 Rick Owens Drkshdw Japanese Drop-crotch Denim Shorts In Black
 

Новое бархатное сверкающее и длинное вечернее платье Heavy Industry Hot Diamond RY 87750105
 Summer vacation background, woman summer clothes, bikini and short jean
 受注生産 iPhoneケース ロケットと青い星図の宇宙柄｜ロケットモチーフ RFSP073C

GOAL OF THE EXERCISE> Would you please give the data above again, exactly as it appears?

RESULT OF THIS TASK>
 Rick Owens Drkshdw Japanese Drop-crotch Denim Shorts In Black
 

Новое бархатное сверкающее и длинное вечернее платье Heavy Industry Hot Diamond RY 87750105
 Summer vacation background, woman summer clothes, bikini and short jean
 受注生産 iPhoneケース ロケットと青い星図の宇宙柄｜ロケットモチーフ RFSP073C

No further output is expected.